Design Exercise - Fault Management

Support Center

Overview

This application manages the logging and correction of faults reported by users and machines of a large distributed system. Users may report errors through forms in their application, but errors may be reported from software agents as well. Errors arrive at a support center, where the support people solve these problems. Support managers need the ability to query the status of errors and assign errors to people who must solve them; people need information about the error to be able to support it. The system also supports programming scripts that filter errors, and that automatically respond to common errors. Since the supervised application can never be shut down, all administration of the support system must be done at runtime.

Requirements

These are the requirements from the supervising software agents:

	The system shall enable dynamically defining a large set of supervised entities. An entity can be a computer, a router, an executable, a network connection, a process, a service or a user. Entities are supervised by an agent (a software process) running on their computer.
	The system shall include agents able to communicate with the application through a well-defined API. Agents can be dynamically configured to expect several kinds of reports from the application, add other system information (such as CPU use, list of running processes, current user, current time and so forth) to the report, and send it to a central database. Each error report includes, among other things, the category of error (use interface, network, etc.) and a level of severity (annoying, urgent, critical, etc.).
	The system shall enable dynamically configuring agents to monitor different variables of the system periodically, and send reports if these variables exceed certain bounds. For example, an agent can be configured to check virtual memory levels every minute, and send an error report if free virtual memory is below 5% for more than five minutes. Agents must be available for many operating systems, so that the variables that may be checked are different for different agents.
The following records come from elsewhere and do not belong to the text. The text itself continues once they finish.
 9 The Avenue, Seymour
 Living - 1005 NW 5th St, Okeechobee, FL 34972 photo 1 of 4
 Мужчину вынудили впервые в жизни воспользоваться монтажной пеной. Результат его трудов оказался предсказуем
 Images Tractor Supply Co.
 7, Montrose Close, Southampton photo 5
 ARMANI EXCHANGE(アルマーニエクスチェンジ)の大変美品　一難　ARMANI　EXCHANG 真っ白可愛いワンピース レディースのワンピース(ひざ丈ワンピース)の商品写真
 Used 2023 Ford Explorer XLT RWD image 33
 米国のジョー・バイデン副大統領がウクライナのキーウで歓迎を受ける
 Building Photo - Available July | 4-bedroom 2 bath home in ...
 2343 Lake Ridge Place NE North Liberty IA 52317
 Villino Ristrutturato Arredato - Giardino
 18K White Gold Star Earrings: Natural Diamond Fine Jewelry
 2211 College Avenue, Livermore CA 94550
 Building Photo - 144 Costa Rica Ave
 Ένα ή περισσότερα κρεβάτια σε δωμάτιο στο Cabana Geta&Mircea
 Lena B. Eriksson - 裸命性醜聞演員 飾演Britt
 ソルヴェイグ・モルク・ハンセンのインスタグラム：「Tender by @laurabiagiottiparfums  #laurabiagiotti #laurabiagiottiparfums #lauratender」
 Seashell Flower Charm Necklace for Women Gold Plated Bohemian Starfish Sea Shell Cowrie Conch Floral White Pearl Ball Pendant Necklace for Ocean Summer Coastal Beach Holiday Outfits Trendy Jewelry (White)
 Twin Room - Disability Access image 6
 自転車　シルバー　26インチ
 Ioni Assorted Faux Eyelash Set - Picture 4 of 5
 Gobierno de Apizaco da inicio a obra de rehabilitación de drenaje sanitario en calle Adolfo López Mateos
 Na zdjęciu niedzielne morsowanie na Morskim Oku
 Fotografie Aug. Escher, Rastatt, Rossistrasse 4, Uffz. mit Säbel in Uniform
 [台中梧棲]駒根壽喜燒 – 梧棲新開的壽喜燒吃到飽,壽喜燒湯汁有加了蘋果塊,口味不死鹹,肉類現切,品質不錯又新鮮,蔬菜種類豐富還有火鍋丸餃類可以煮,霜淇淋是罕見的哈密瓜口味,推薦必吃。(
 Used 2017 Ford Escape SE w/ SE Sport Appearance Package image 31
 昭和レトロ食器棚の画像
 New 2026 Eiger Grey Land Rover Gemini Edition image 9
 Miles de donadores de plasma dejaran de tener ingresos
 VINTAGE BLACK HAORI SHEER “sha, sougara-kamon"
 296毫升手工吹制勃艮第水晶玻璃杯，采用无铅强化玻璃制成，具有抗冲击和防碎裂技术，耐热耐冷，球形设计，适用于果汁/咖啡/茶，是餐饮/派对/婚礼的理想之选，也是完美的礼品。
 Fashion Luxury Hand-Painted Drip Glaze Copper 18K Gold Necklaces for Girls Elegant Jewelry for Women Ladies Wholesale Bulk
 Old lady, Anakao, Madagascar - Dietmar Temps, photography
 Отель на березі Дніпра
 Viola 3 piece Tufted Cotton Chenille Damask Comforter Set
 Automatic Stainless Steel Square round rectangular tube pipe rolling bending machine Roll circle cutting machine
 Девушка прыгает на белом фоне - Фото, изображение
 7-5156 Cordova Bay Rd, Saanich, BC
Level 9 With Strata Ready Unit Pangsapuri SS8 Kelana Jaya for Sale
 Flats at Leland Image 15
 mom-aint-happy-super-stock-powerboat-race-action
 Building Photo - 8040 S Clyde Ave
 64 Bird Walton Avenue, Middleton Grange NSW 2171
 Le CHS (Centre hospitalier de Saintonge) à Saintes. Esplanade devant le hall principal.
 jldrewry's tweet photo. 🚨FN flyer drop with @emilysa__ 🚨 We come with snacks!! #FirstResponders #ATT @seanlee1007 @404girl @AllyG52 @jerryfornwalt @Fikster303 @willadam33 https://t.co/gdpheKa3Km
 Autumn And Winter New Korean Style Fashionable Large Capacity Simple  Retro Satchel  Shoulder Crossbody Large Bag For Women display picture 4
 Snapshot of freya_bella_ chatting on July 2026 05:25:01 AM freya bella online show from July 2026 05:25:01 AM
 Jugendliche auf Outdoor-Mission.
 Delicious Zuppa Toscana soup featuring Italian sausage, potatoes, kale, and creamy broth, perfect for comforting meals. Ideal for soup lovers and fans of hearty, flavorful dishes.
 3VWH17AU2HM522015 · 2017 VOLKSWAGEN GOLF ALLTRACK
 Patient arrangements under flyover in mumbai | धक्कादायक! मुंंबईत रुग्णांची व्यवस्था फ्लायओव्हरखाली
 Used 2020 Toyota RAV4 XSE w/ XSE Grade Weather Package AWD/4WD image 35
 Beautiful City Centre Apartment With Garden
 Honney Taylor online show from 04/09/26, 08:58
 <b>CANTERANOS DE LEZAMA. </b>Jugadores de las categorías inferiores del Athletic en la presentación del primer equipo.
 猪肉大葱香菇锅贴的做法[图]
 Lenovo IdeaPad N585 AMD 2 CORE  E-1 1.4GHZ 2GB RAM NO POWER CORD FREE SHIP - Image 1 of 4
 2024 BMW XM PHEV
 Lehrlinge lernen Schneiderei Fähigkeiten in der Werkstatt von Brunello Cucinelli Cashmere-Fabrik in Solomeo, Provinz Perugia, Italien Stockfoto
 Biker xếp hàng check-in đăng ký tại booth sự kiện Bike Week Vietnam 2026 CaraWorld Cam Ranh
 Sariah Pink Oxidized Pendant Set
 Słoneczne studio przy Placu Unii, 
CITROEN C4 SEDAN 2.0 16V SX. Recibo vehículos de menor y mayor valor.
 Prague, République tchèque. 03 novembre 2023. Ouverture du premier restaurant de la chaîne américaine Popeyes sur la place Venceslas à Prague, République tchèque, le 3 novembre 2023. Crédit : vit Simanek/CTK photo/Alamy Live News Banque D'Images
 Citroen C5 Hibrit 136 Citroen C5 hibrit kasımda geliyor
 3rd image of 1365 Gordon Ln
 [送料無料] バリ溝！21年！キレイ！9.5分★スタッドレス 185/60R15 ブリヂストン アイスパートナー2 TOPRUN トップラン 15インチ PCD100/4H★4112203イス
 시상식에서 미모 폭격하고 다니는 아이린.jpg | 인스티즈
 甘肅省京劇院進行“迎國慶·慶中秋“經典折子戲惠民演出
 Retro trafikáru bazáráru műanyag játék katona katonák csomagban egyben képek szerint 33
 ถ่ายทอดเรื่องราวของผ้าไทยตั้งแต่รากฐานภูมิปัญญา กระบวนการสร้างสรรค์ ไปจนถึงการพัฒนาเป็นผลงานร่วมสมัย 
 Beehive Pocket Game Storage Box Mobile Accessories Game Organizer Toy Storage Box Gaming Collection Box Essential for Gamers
These are the requirements from the support center application:

	The system shall include a support center application (user interface), which enables all supporters (people who work in the support center) to view, investigate and fix errors. It is possible to add, edit and delete users, and set different access privileges (which entities and errors are visible, which actions are allowed) to each user.
	The system shall enable a user to dynamically define queries which determines which errors to show him. Queries can be on any field of the error (time, severity, entity type, etc.), and can be complex (include 'and', 'or', 'not' conditions). It is possible to query on entity-specific fields (such as 'programming language', only available for 'executable' entities).
	The system shall allow a supporter to view several queries on different windows of her/his screen at once. Whenever the central database changes (an error is created or fixed) in a manner that changes queries at someone's screen, the screen shall reflect this immediately. That is, the refresh should be always active and automatic.
	The system shall enable certain users to be defined as managers for a specific category. Managers are able to assign errors in their category to other supporters which must fix them. They also need queries and reports about what the supporters that work for them do, what is the status of errors they assigned (received / assigned / fixed / unfixed), and at what time status changes occurred (how long it takes to fix different kinds of problems).
	The system shall allow supporters to perform several operations on a supervised entity remotely: Reboot a machine, reload a router, change network or OS settings somewhere, change user permissions, or take over a machine. Note that different operations are possible on different entity types; also, not all supporters have privileges to perform all operations.
	The system shall support the dynamic definition of filtering rules for new errors. This is meant to ensure that if a router collapses, the supporters won't get 200 errors from all computers and processes that use it. A filtering rule is of the form "if between X and Y errors that answer the condition <SOME COMPLEX CONDITION> arrive in a <TIME> period, convert them into a single error <WITH THESE PROPERTIES>".
	The system shall support the dynamic definition of scripts that automatically handle common types of errors. It is possible to define that a script is executed every time an error which answers to some (complex) condition is created. The scripting language will be able to query the error's properties, do all operations that a user can do, and support 'if', 'for', 'while' construct as well as calls to other scripts.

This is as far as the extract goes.